No less than five drivers entered who had liquor-law violations on their records, causing some locals to pounce on the "hoodlums" and insist that the event be canceled. The Atlanta Constitution ran editorials denouncing it, and Atlanta's mayor showed up on race day with law enforcement officials at his side.
The promoter relented, and initially banned three of the five -- two didn't bother showing up -- from racing that day. But when crowd of 30,000 was left in a near riot over the possibility of not getting to see the popular Roy Hall race, the promoter again reversed course and allowed everybody to take the green flag. Of course, Hall won the race and flamed the flames of controversy even more. Eventually, the ban did go into effect .
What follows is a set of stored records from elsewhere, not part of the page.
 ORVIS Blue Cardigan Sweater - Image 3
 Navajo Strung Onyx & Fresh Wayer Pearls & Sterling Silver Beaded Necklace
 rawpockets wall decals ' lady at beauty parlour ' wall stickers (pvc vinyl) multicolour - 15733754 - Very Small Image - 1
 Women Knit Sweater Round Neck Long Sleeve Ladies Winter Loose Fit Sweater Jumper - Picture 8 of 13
The fiasco, according to Pierce, helped open the door for a new up-and-coming promoter.
The new guy's name?
Bill France.
Big Bill.
Bill Sr.
And, eventually, NASCAR founder.
"This is actually how Bill France really got going as a promoter," Pierce concluded. "He'd been promoting in Daytona Beach, but there was really a void there because the best drivers in stock-car racing at the time couldn't race at Lakewood Speedway. Bill France knew all these guys. They trusted him. He was good friends with them, and so he was able to get these guys to come and then he started promoting races in the Carolinas and Virginia.
"That really gave Bill France a big boost, because he could deliver these bootlegger drivers. I think it's one of the most important stories in the history of NASCAR, because really, that makes possible what Bill France did. It created an opening for him.".